In [3]:
import numpy as np
import pandas as pd
import matplotlib.pyplot as plt
from sklearn.preprocessing import MinMaxScaler, StandardScaler
from sklearn import linear_model

In [4]:
titanic = pd.read_csv("Dataset/train.csv")
titanic.head()

Unnamed: 0,PassengerId,Survived,Pclass,Name,Sex,Age,SibSp,Parch,Ticket,Fare,Cabin,Embarked
0,1,0,3,"Braund, Mr. Owen Harris",male,22.0,1,0,A/5 21171,7.25,,S
1,2,1,1,"Cumings, Mrs. John Bradley (Florence Briggs Th...",female,38.0,1,0,PC 17599,71.2833,C85,C
2,3,1,3,"Heikkinen, Miss. Laina",female,26.0,0,0,STON/O2. 3101282,7.925,,S
3,4,1,1,"Futrelle, Mrs. Jacques Heath (Lily May Peel)",female,35.0,1,0,113803,53.1,C123,S
4,5,0,3,"Allen, Mr. William Henry",male,35.0,0,0,373450,8.05,,S


There are 3 usual categorical features here, they are  
Sex, Cabin, Embarked  
And another one  
Pcalss, with values [1, 2, 3], it's ordinal, in another word, ordered categorical feature.
If Pcalss is a numerical feature, then we can say that we difference beween Pclass 1 and 2, is the same between Pclass 2 and 3. But Pclass is ordinal, so we don't know which difference is bigger.  

## Encoding
one way to solve this problem is to map it's unique values to different numbers. This is usually refered to as label encodeing.  
This technique works fine with tree-based methods, because these models can split features and extract most of the useful values in categories on its own.
Non-tree-based models however, can make use of this as effectively.  
Example:  
Pclass    1      2      3  
target    1      0      1  
When the relationships between target can the oridinal features are not linear, the model would be confused. While trees would just make 2 splits select in each unique value.  

### Label Encoding:  

1. Alphabetical(sorted).   
sklearn.preprocessing.LabelEncoder  
[S, C, Q] -> [2, 1, 3]  

  
2. Order of appearance.  
pandas.factorize  
[S, C, Q] -> [1, 2, 3]  

In [7]:
# 3. Frequency Encoding.  
encoding = titanic.groupby('Embarked').size()
encoding = encoding / len(titanic)
titanic['enc'] = titanic.Embarked.map(encoding)
titanic.head()

Unnamed: 0,PassengerId,Survived,Pclass,Name,Sex,Age,SibSp,Parch,Ticket,Fare,Cabin,Embarked,enc
0,1,0,3,"Braund, Mr. Owen Harris",male,22.0,1,0,A/5 21171,7.25,,S,0.722783
1,2,1,1,"Cumings, Mrs. John Bradley (Florence Briggs Th...",female,38.0,1,0,PC 17599,71.2833,C85,C,0.188552
2,3,1,3,"Heikkinen, Miss. Laina",female,26.0,0,0,STON/O2. 3101282,7.925,,S,0.722783
3,4,1,1,"Futrelle, Mrs. Jacques Heath (Lily May Peel)",female,35.0,1,0,113803,53.1,C123,S,0.722783
4,5,0,3,"Allen, Mr. William Henry",male,35.0,0,0,373450,8.05,,S,0.722783


If frequency of category is correlated with target value, then linear models will utilize this dependency. This would preserve the information about the distribution of the labels.  
However when there are 2 labels with the same frequency, these 2 lables won't be disinguishable in this new feature.  

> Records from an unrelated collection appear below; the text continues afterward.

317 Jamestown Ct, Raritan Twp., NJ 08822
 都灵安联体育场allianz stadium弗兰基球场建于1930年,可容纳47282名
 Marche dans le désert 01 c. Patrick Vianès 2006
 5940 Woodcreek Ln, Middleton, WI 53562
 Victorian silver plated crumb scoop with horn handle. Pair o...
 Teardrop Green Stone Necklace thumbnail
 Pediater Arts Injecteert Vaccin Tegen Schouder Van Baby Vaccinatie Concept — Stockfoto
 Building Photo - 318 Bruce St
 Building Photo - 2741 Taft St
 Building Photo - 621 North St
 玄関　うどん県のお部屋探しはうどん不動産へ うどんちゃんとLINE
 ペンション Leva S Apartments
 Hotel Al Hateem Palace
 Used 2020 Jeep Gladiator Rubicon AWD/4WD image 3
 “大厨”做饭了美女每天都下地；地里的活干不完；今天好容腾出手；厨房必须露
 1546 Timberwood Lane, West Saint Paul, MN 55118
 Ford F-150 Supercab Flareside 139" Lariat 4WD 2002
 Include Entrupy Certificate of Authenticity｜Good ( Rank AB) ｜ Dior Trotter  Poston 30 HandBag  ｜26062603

### Adapt Categorical Features to None-Tree-Based Models
One hot encoding:  
Pcalss  
1  
2  
3  
Pclass==1 Pclass==2 Pclass==3   
1         0         0   
0         2         0     
0         0         3  

pandas.get_dummies  
sklearn.preprocessing.OneHotEncoder  
One-Hoted features usually contains lots of zeros, we can use sparse matrices to store these data more efficiently. Libraries like XGBoost, LightGBM can sklearn can support sparse matrices.  

## Summary
1. Ordinal is a special case of categorical feature with values sorted in some meaningful order.  
2. Label encoding, basically replaces unique values of categorical features with numbers. 
3. Frequency encoding maps the categorical features to their frequencies.  
4. Label encoding and frequency encoding usually works better with tree-based models.  
5. One-hot encodings is often used for non-tree based models.
6. Applying one-hot encoding with combination of other categorical features allowes non-tree-based models to take into considerations between features, and improve.